最近では、MongoDBがいわゆる大手ベンダーによるフリーライドを戒めるためにライセンスをSSPLへ変更したほか、LLVMがライセンス変更の動きを活発にしている。
MongoDBは10月16日(米国時間)、「MongoDB now released under the Server Side Public License | MongoDB」において、MongoDBのライセンスを「Server Side Public License (SSPL)」に変更したと発表した。MongoDBはSSPLがOSIからオープンソース・ソフトウェアとしての承認を得ることができると確信していると説明しているほか、SSPLにすることで大手クラウドベンダーなどこれまでMongoDBコミュニティに対してフィードバックしてこなかった対象から協力が得られるようになるだろうと指摘している。

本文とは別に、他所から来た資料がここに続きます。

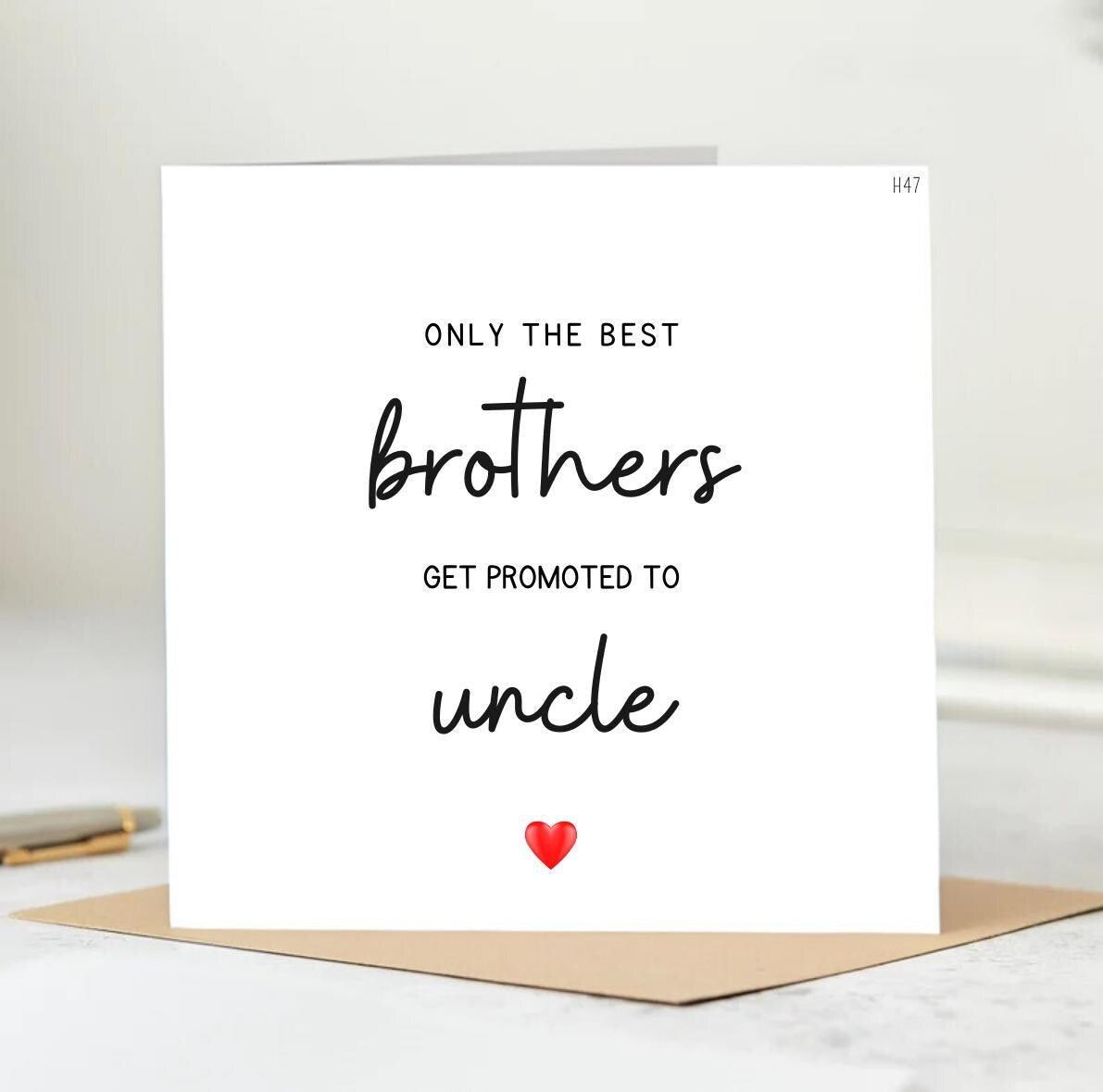 Pregnancy Announcement Card, Surprise Pregnancy Card For Uncle to be, How would you like a promotion to Uncle? Expecting New Baby Card 6x6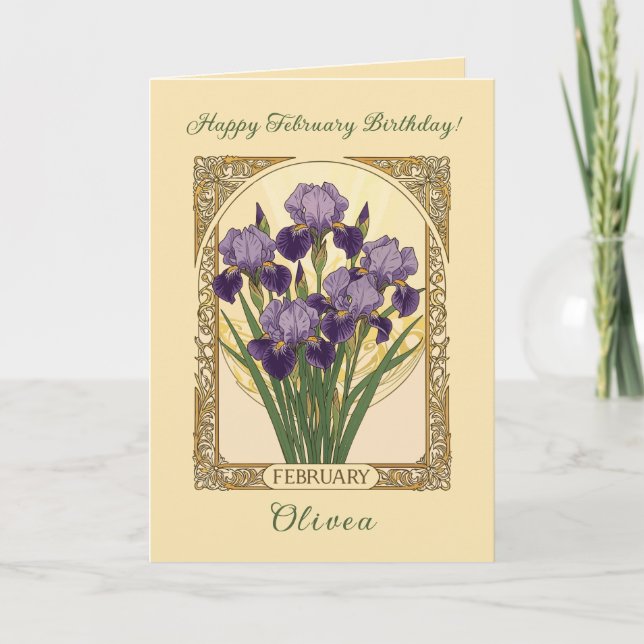 February Irises Birth Flower Art Nouveau Style Kort (Framsida)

人気の高いコンパイラインフラストラクチャであるLLVMも長らくライセンス変更へ向けた取り組みを行っており、2018年10月16日(米国時間)に投函された「[llvm-dev] LLVM Relicensing Update」において再度取り組みへの協力を促した。
一方、LLVMのライセンス変更に関しては反対意見もある。同日、同じメーリングリストに「[llvm-dev] [libcxx-dev] LLVM Relicensing Update」が投函され、ライセンス変更を承認しないようにといった呼びかけが行われた。ライセンスを変更すればOpenBSDといったプロジェクトは新しいLLVMと取り込むことはできないとしており、利益にならないと指摘している。
オープンソース・ソフトウェアのライセンスといっても内容はそれぞれに異なっており、背景にある考え方も違っている。頻繁に発生するものではないが、オープンソース・ソフトウェアのライセンスが変更されることは珍しくなく、結果として他のオープンソース・プロジェクトなどに影響を与えることもある。